This one-day workshop will provide a forum for researchers to review the
recent progress of vision and text understanding, with an emphasis on novel
approaches that involve a deeper and better semantic understanding of
version and text data. The workshop is targeting a broad audience,
including the researchers and practitioners in computer vision, natural
language processing, machine learning, data mining, etc.
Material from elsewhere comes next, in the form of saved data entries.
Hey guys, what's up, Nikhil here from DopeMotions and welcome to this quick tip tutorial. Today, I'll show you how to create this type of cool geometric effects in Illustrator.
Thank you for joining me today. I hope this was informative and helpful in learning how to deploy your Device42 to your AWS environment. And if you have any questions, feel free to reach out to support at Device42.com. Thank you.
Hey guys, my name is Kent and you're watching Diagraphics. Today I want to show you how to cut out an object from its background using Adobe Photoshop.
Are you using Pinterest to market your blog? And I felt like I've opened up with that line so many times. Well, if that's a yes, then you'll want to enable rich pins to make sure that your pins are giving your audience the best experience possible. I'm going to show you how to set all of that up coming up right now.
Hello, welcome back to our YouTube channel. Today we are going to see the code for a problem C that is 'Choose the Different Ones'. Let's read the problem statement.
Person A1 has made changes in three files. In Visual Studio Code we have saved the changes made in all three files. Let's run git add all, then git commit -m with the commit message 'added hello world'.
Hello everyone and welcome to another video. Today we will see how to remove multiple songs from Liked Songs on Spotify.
This workshop will include several invited talks and peer-reviewed papers
(oral and poster presentations). We encourage submissions on a variety of
research topics. The topics of interest include (but not limited to):
(1). Image and Video Captioning
(2). Visual Question Answering and Visual Dialog
(3). Scene Graph Generation from Visual Data
(4). Video Prediction and Reasoning
(5). Scene Understanding
(6). Multimodal Representation and Fusion
(7). Pretrained Models and Meta-Learning
(8). Explainable Text and Vision Understanding
(9). Knowledge Graph Construction
(10). Knowledge Graph Embedding
(11). Representation Learning
(12). KBQA: Question Answering over Knowledge Bases
(13). Dialog Systems using Knowledge Graph
(14). Adversarial Generation of Nature Language and Images
(15). Transfer Learning and Domain Adaptation across Vision and Text
(16). Graphical Causal Models

**Important Dates
Submission Deadline: April 23, 2020
Notification: May 15, 2020
Camera Ready: June 1, 2020

**Submission Guidelines
Three types of submissions are invited to the workshop: long papers (up to
7 pages), short papers (up to 4 pages) and demo papers (up to 4 pages).
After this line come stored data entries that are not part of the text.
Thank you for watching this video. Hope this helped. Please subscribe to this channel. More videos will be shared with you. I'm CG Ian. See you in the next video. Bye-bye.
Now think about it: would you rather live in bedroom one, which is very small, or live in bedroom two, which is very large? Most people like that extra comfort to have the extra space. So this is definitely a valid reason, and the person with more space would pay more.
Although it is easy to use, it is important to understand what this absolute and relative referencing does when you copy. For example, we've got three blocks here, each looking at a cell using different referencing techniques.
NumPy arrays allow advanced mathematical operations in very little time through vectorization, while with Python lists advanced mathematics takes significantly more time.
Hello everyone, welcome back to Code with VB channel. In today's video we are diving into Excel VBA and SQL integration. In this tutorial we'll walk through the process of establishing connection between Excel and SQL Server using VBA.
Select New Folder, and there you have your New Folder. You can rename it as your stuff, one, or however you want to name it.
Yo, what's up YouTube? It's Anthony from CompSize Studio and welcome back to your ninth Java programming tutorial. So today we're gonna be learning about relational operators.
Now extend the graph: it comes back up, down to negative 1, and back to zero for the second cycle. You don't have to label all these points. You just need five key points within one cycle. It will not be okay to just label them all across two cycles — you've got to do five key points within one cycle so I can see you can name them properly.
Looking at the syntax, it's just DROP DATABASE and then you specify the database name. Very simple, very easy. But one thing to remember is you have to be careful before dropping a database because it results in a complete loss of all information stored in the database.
All submissions should be formatted according to the IJCAI'2020 Formatting
Instructions and Templates. Authors are required to submit their papers
electronically in PDF format to the Microsoft CMT submission site:
https://cmt3.research.microsoft.com/Tusion2020

At least one author of each accepted paper must register for the workshop,
and the registration information can be found on the IJCAI-2020 website.
The authors of accepted papers should present their work at the workshop.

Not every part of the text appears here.